REPUBLIKA.CO.ID, JAKARTA -- Komisi Pemberantasan Korupsi (KPK) pernah menyelidiki dugaan terjadinya korupsi dalam pengadaan crane atau alat bongkar muat di Pelindo II. Bahkan, Direktur Utama PT Pelindo II Richard Joost Lino pernah dimintai keterangan dalam penyelidikan ini pada 2014.
Plt Wakil Ketua KPK Johan Budi mengakui adanya penyelidikan dalam pengadaan crane di Pelindo II. Penyelidikan itu dilakukan setelah ada laporan atau aduan dari masyarakat beberapa tahun lalu. Namun, Johan enggan membuka secara gamblang perkembangan dari penyelidikan yang dilakukan.

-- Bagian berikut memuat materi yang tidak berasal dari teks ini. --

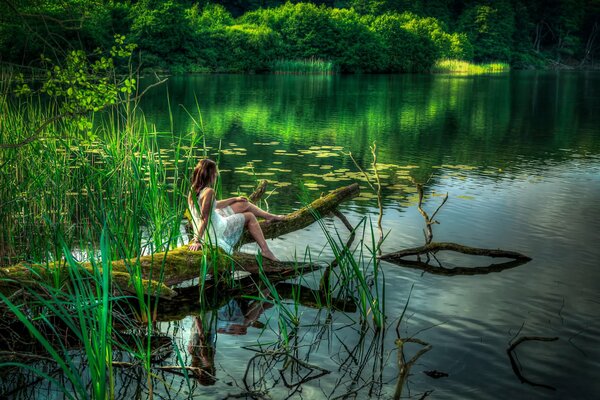 Forest, lake. A girl bathes her legs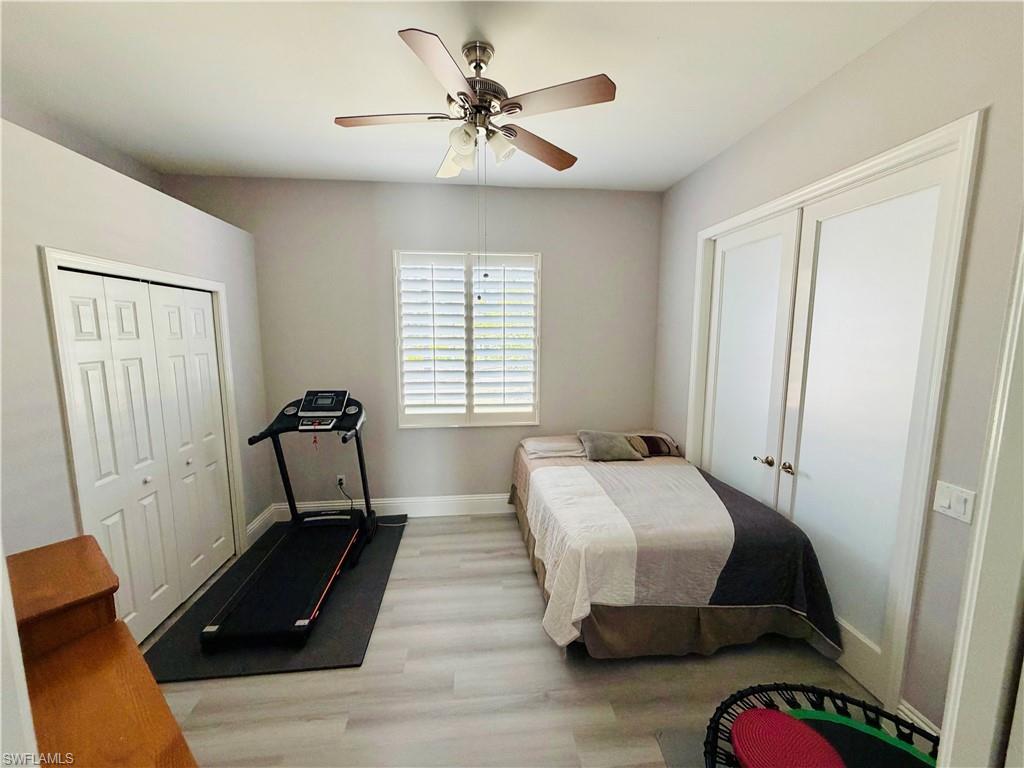 3960 1st Avenue Northwest Naples, FL 34119 - Photo 17 of 25 a bedroom with bed and window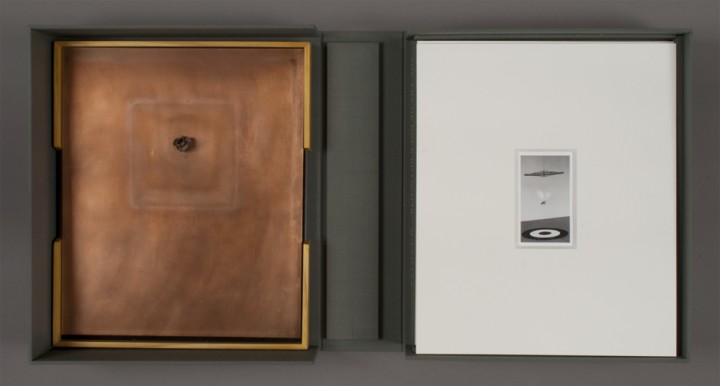 Left: Spent Bullet and right: Plain Air from Dove Bradshaw, The Art of Dove Bradshaw: Nature, Change, and Indeterminacy, 2003, artist’s book: mixed media, 13 ¾ x 11 7/8 x 3 ½ inches (34.9 x 30.2 x 8.9 cm), closed. Published by Mark Batty Publisher, New York. © Dove Bradshaw / Photo: Laura Mitchell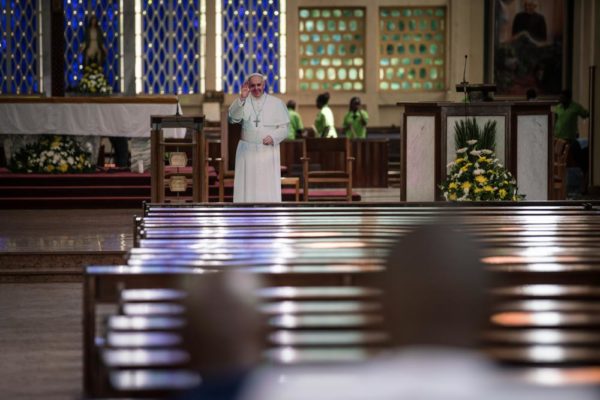 NAIROBI, KENYA - NOVEMBER 24: Worshipers pray at the Holy Family Basilica where an effigy representing Pope Francis has been set up on the altar on November 24, 2015 in Nairobi, Kenya. Pope Francis makes his first visit to Kenya on a five day African tour that is scheduled to include Uganda and the Central African Republic. Africa is recognised as being crucial to the future of the Catholic Church with the continentís Catholic numbers growing faster than anywhere else in the world. (Photo by Nichole Sobecki/Getty Images)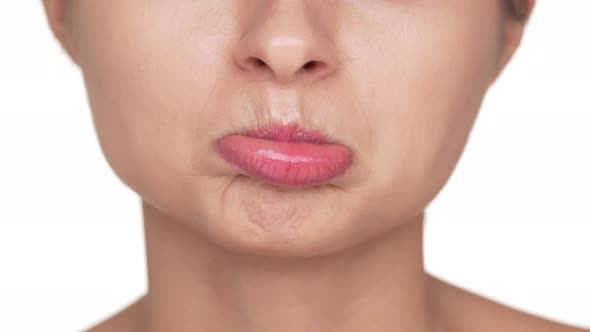 Macro View of Adult Woman with Healthy Clean Skin and Natural Makeup Twisting Her Lips Being Upset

"Memang KPK pernah terima laporan pengaduan terkaitan dengan Pelindo II, oleh KPK ditindaklanjuti. Sampai hari ini saya belum tahu apakah yang ditangani Bareskrim Pelindo II itu sama dengan pengaduan itu," kata dia usai bertemu Kabareskrim di gedung KPK, Jumat (11/9).

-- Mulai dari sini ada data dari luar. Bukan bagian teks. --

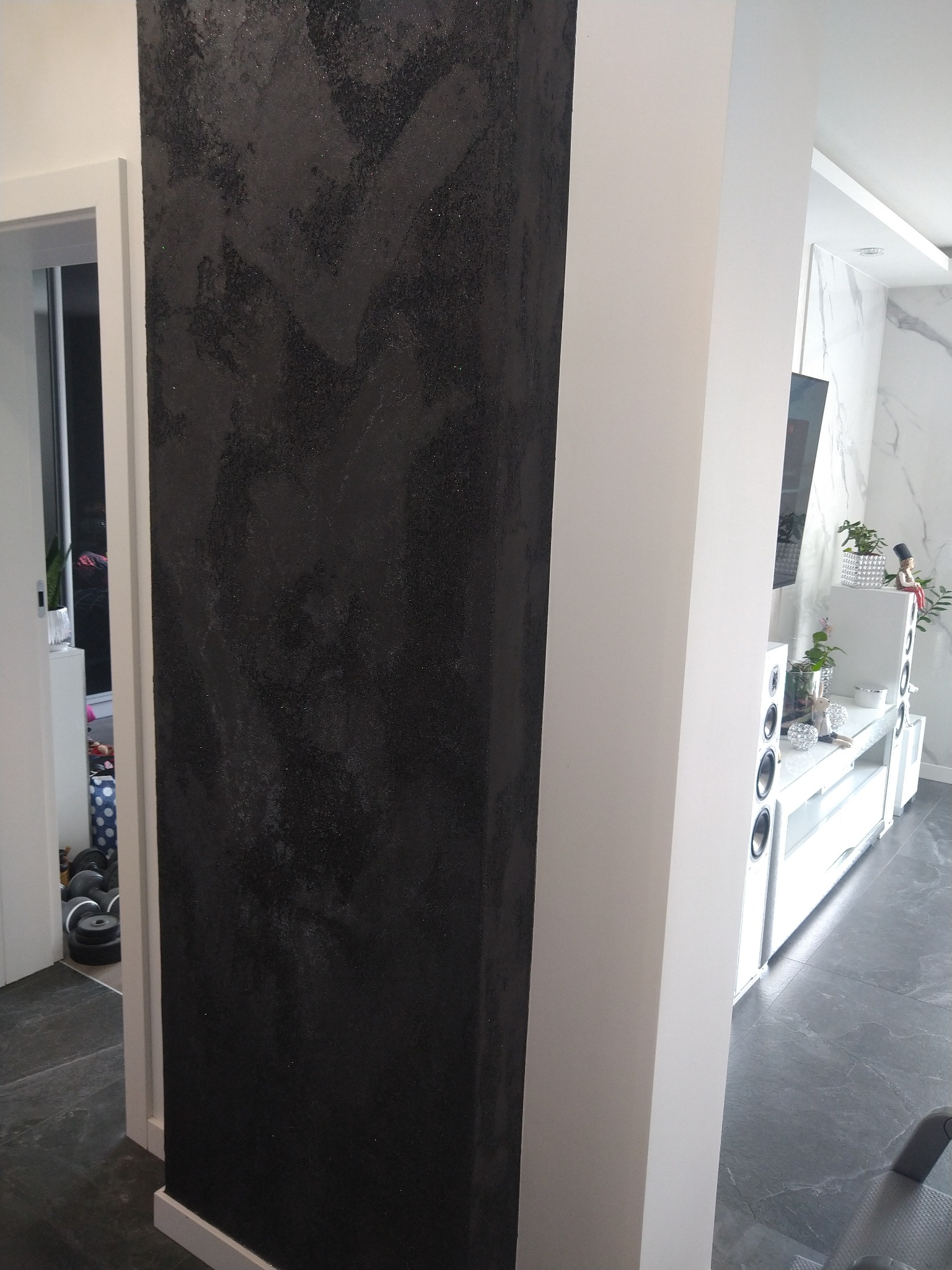 Czarny, teksturowany filar dekoracyjny w nowoczesnym wnętrzu, kontrastujący z białym filarem i listwami przypodłogowymi, widoczny fragment salonu z białymi meblami i marmurową ścianą w tle.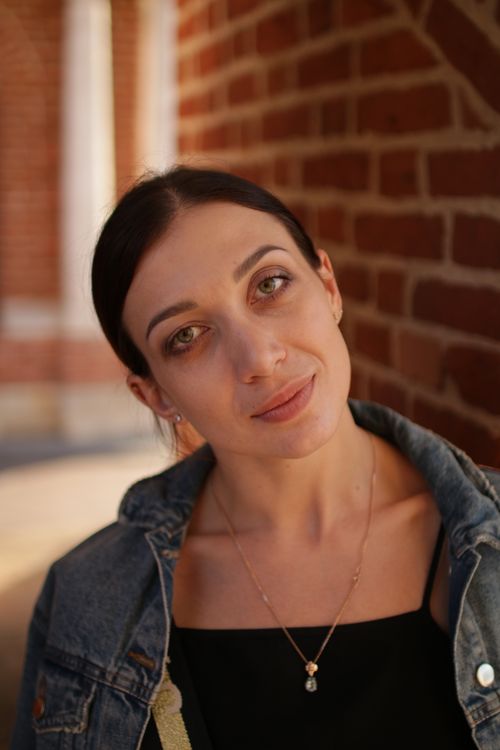 Free A woman wearing a denim jacket and necklace against a brick wall background. Stock Photo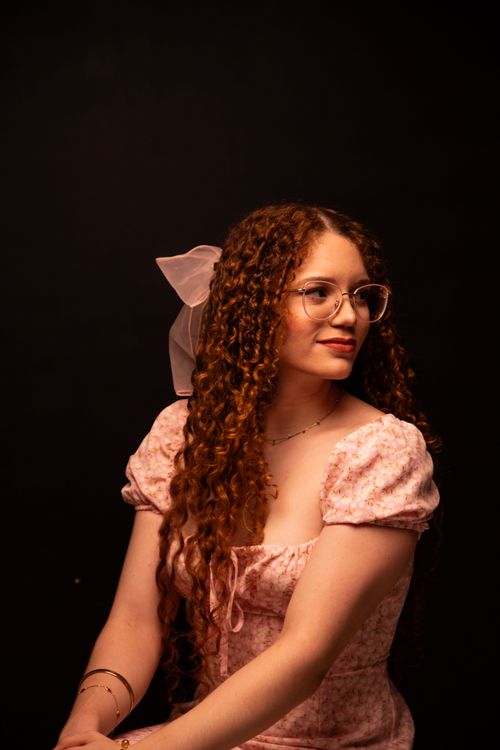 Free Elegant portrait of a woman with curly hair and glasses, wearing a pink dress against a dark background. Stock Photo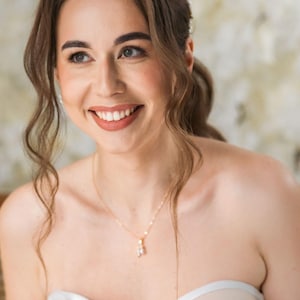Peut inclure: Une mariée portant un haut de corset blanc sans bretelles avec des détails en dentelle florale. Elle sourit et regarde sur le côté. Elle porte un collier en or délicat et un bracelet en perles.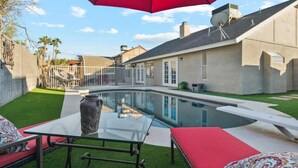 A backyard with a swimming pool, a glass table, and red outdoor furniture. - 4 Bed Shuffleboard& Private Pool Retreat in Peoria (Peoria)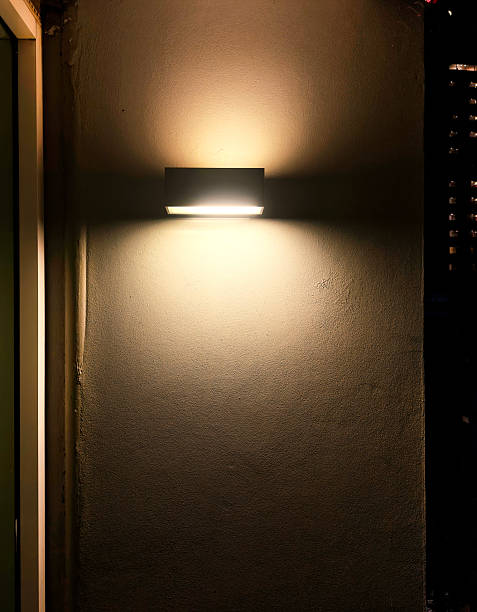 istock Glowing light fixture attached on house exterior wall at night 2222684523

Dalam penyelidikan pengadaan crane, lembaga antikorupsi ini juga telah memeriksa beberapa orang untuk dimintai keterangan. Salah satunya adalah RJ Lino yang diperiksa pada 15 April 2014. Sampai saat ini, kata Johan, KPK masih terus mengumpulkan alat bukti dan keterangan.
"Iya masih pulbaket (pengumpulan bukti dan keterangan)," ujar mantan juru bicara KPK ini.
Pada 15 April 2014, Johan yang saat itu masih menjabat sebagai juru bicara KPK mengatakan, pemeriksaan terhadap Lino terkait pengadaan crane di beberapa dermaga tahun anggaran 2010.
Proses penyelidikan berasal dari laporan masyarakat dan telah dimulai akhir 2013. Bahkan, saat itu Johan menyebut bahwa nilai proyek mencapai puluhan miliar.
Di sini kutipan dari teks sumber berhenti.